== Segment start ==
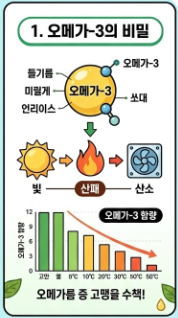 들기름 보관법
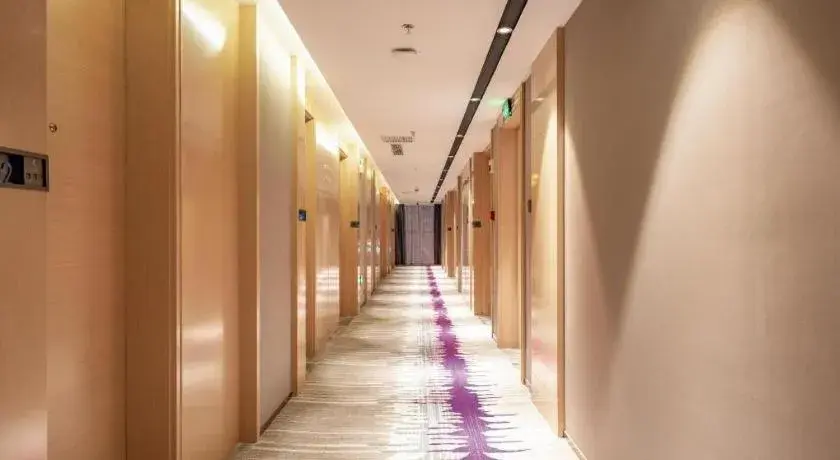 Lavande Hotel Anshan City Center Lavande Hotel Anshan City Center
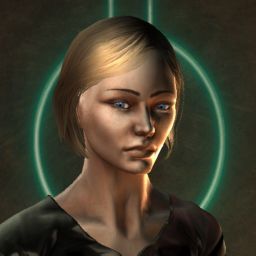 J Warburton — legacy portrait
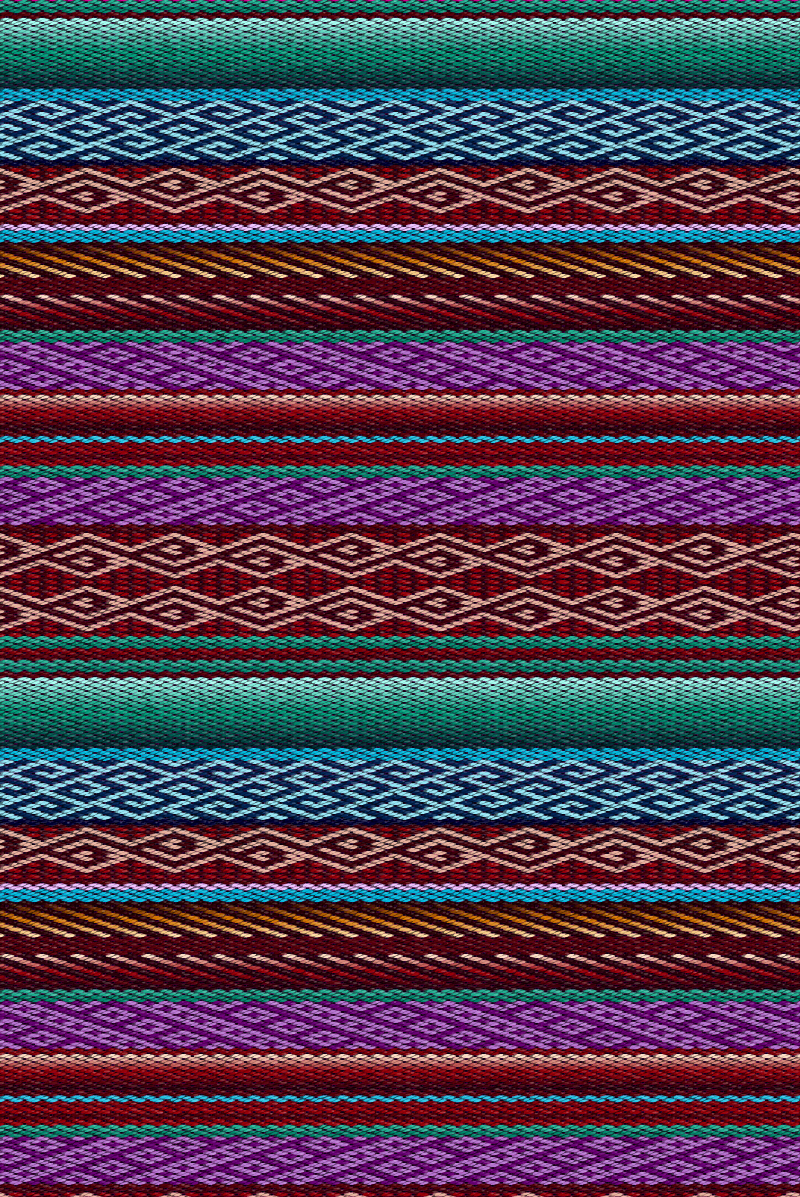 Peruvian Cloth #45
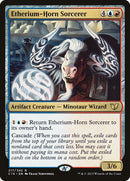 Etherium Horn Sorcerer (217) [C15]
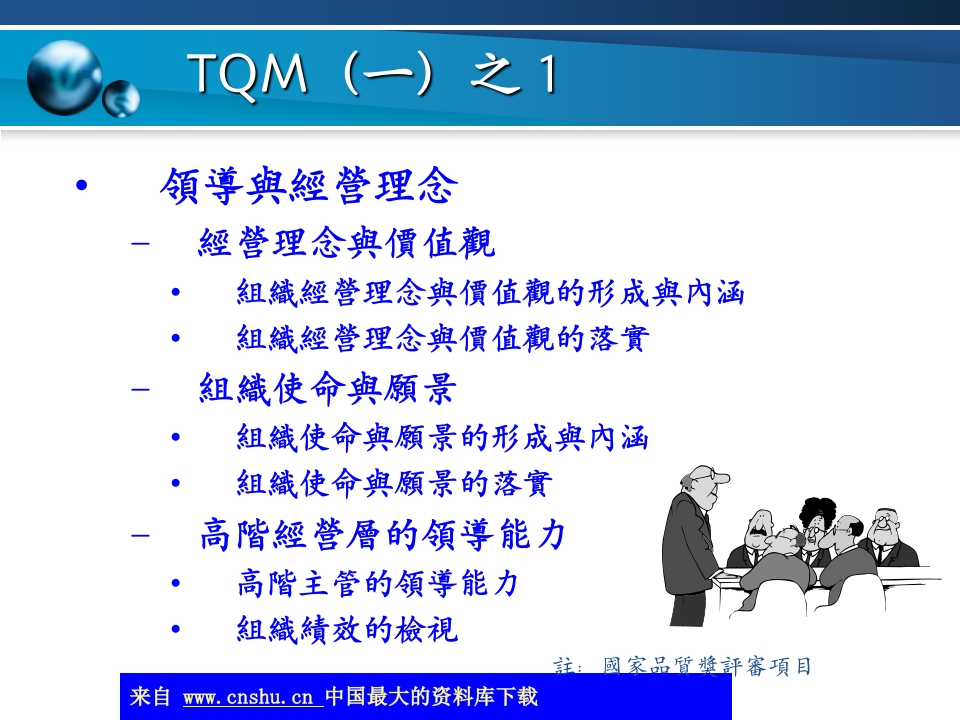 全面品质经营与医院竞争力(ppt 38)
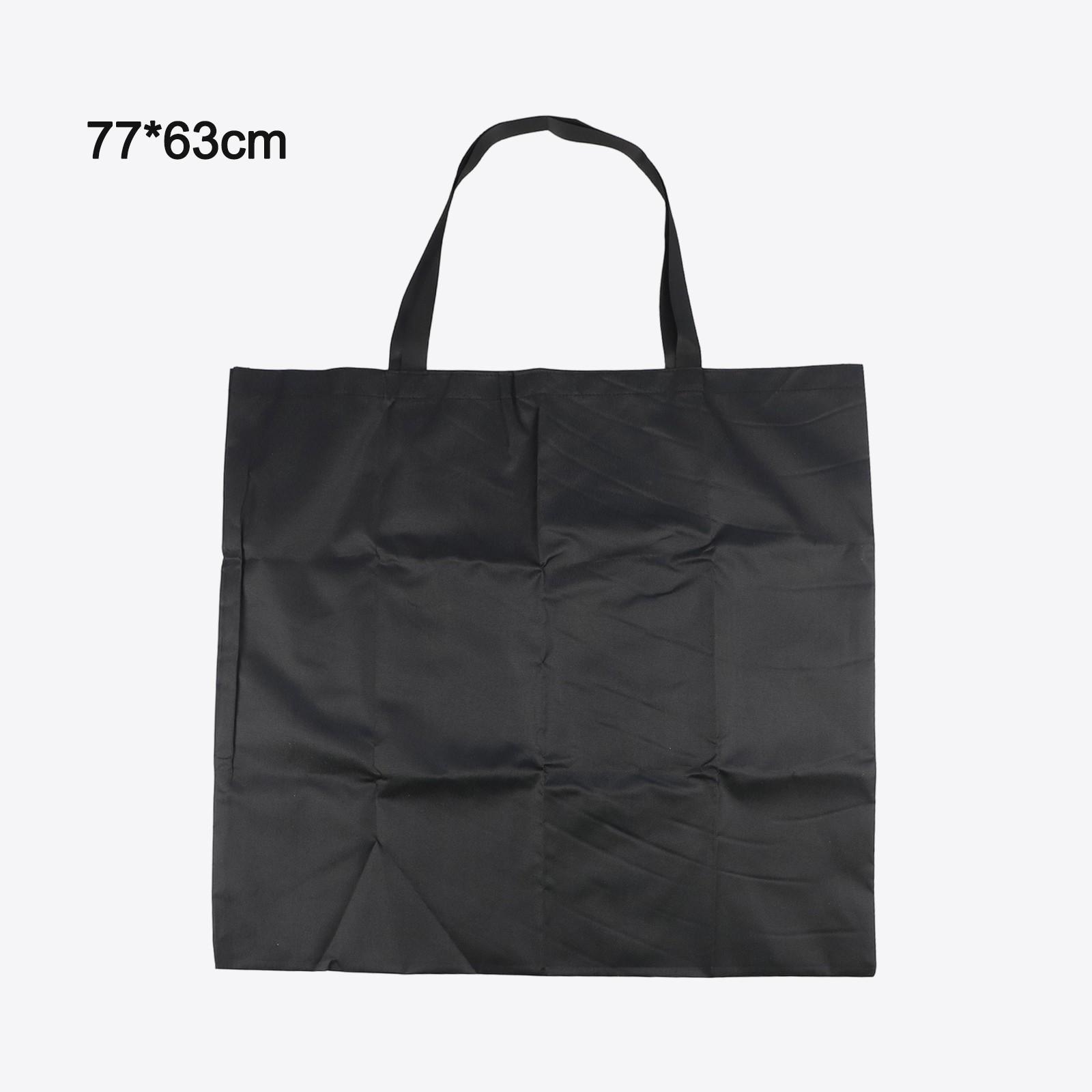 

900D Oxford Cloth Camping Chair Bag Folding Chair Storage Outdoor Carry Bag Size M Black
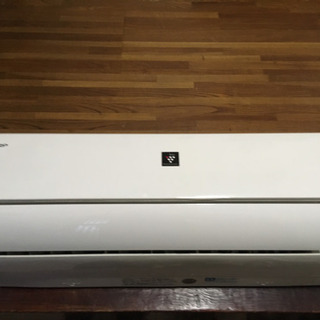 取り付け込み❗️6畳〜8畳シャ-ププラズマクラスタ-❗️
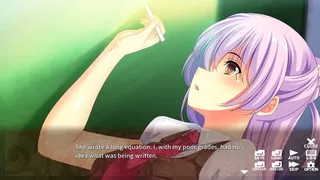 Скриншот 1 к игре 滴るあの娘 ～Drenched Girls～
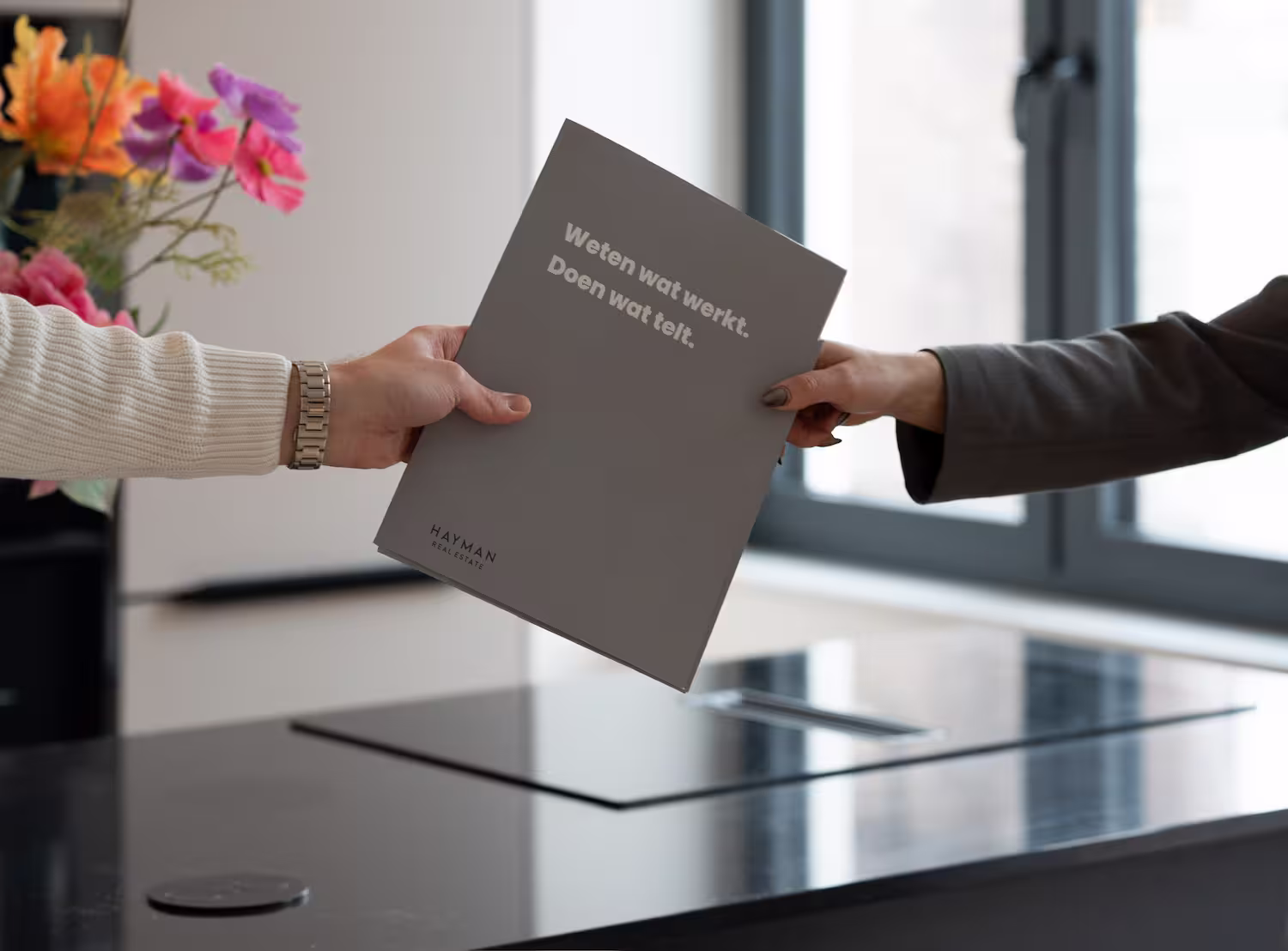 Het opstellen en controleren van de koopovereenkomst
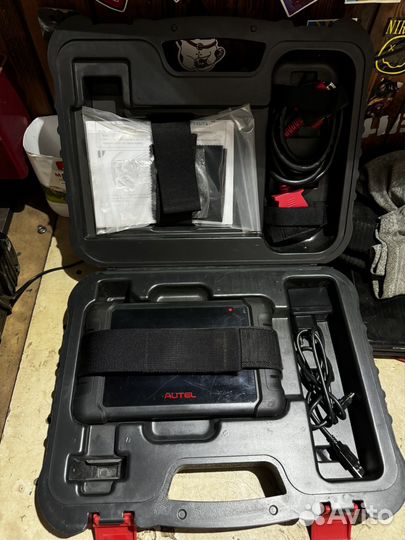 Autel maxicheck mx 808s аутел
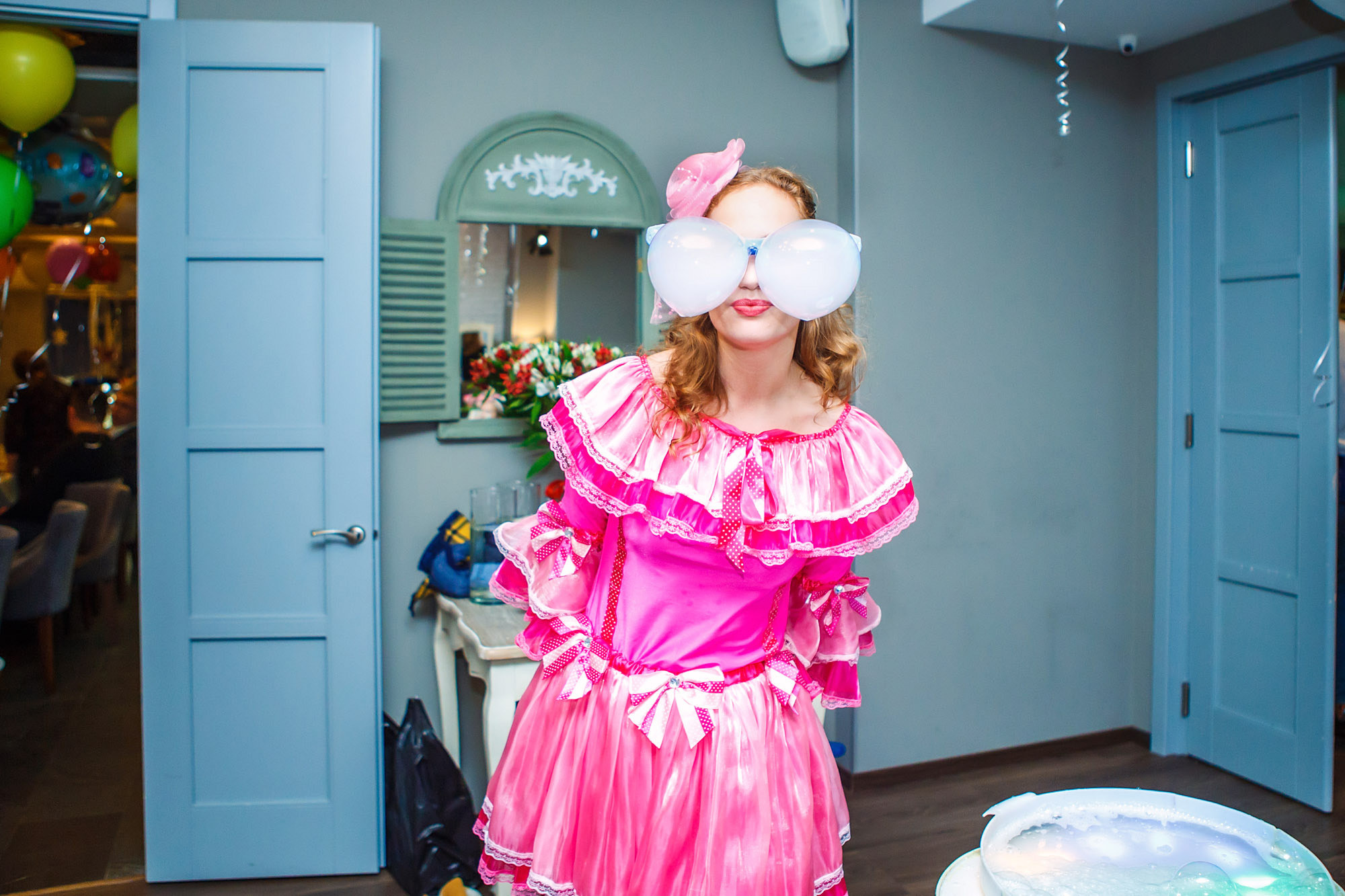 Детский День Рождения. Семейный фотограф Надя Мелисова, фотограф беременности, Москва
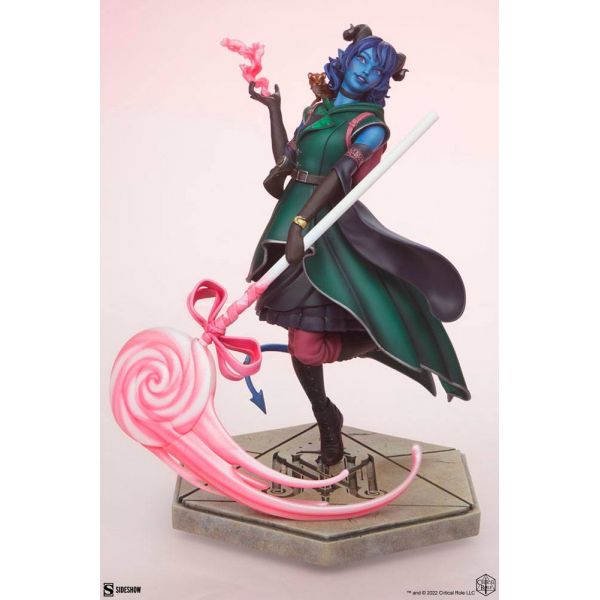 Jester - Mighty Nein Statue (Critical Role) Additional Image 3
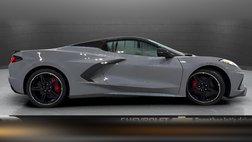 2025 Chevrolet Corvette Stingray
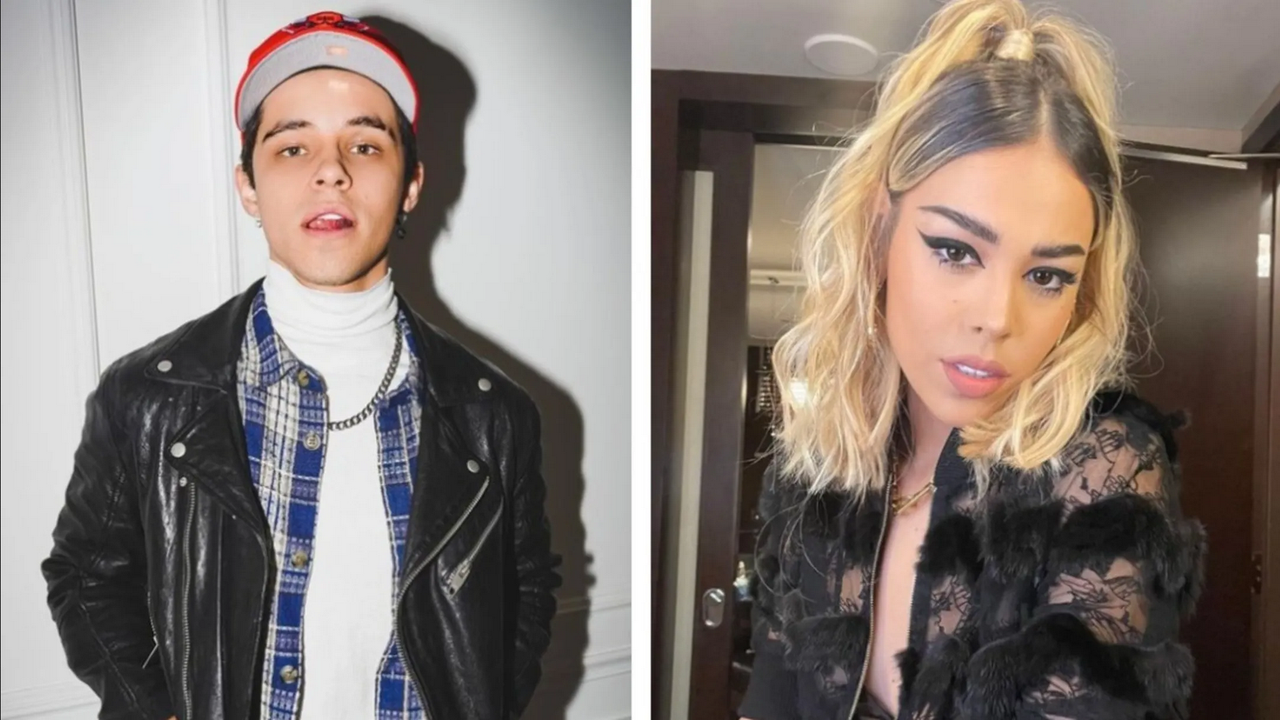 Alex Hoyer habla del terrible episodio de la violencia que vivió Danna Paola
== Segment end ==
◆ **TASK**:
Return, exactly as they stand, the lines from the opening line of the listing through the line with "2025 Chevrolet Corvette Stingray", both ends counted, and no pictures.

◆ **SOLUTION FOR THIS EXERCISE**:
 들기름 보관법
 Lavande Hotel Anshan City Center Lavande Hotel Anshan City Center
 J Warburton — legacy portrait
 Peruvian Cloth #45
 Etherium Horn Sorcerer (217) [C15]
 全面品质经营与医院竞争力(ppt 38)

900D Oxford Cloth Camping Chair Bag Folding Chair Storage Outdoor Carry Bag Size M Black
 取り付け込み❗️6畳〜8畳シャ-ププラズマクラスタ-❗️
 Скриншот 1 к игре 滴るあの娘 ～Drenched Girls～
 Het opstellen en controleren van de koopovereenkomst
 Autel maxicheck mx 808s аутел
 Детский День Рождения. Семейный фотограф Надя Мелисова, фотограф беременности, Москва
 Jester - Mighty Nein Statue (Critical Role) Additional Image 3
 2025 Chevrolet Corvette Stingray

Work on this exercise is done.